Modern adaptation: Huichol "vocho" exhibited at the Smithsonian in 2012

Modern adaptation: Huichol “vocho” exhibited at the Smithsonian in 2012

All these changes have come at a price. The ancestors of the Huichol practiced a nomadic lifestyle over a large expanse of land in order to acquire the resources they needed for survival. When the Huichol were pushed back into the mountains,they adapted by undertaking an annual migration to gather their sacred peyote. At the same time, they became increasingly dependent on the cultivation of corn. However, in such marginal areas where rainfall is unreliable the corn harvest is never guaranteed and in bad years starvation is a real possibility.

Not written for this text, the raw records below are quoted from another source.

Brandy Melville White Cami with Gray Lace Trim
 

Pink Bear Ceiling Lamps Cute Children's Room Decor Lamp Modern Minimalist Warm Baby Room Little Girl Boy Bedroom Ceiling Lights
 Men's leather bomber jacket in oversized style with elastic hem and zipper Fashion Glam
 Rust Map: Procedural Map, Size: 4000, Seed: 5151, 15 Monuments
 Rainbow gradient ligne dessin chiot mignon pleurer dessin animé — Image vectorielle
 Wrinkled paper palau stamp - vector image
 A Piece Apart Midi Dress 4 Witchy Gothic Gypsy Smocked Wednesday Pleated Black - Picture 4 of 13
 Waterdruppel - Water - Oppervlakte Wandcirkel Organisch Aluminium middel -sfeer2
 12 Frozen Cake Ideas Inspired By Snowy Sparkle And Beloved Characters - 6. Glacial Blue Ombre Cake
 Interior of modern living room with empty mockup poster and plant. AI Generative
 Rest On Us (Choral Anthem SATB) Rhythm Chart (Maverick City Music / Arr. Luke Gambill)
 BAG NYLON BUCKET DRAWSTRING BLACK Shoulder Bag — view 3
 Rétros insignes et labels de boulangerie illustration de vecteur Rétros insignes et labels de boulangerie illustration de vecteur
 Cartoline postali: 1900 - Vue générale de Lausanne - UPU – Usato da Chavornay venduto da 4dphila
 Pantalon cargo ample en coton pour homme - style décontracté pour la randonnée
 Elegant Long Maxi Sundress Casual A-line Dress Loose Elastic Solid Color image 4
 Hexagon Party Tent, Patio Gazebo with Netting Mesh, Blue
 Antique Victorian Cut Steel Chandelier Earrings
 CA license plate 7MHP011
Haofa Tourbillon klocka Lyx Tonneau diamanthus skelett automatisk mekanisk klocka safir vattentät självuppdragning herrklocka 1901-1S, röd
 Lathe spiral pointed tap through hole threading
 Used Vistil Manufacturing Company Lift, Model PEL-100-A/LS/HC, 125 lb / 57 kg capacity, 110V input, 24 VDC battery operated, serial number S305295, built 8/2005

Closer links to the outside world have meant that the Huichol can now buy cheap, bottled alcohol, and face increased pressure from outsiders who want more grazing land, timber and minerals. They have also led to the out-migration of many Huichol, whether permanently to nearby cities or seasonally to work on tobacco plantations in Nayarit. In the past fifty years, this has led to some innovations in Huichol art, including the addition of large yarn paintings and larger items decorated with complex bead work (see image) to their traditional arts and crafts.

Even though the Huichol are one of the most isolated (not just geographically but also economically and socially) indigenous groups in Mexico, there is nothing static about their culture. It will be interesting to see what changes the future brings.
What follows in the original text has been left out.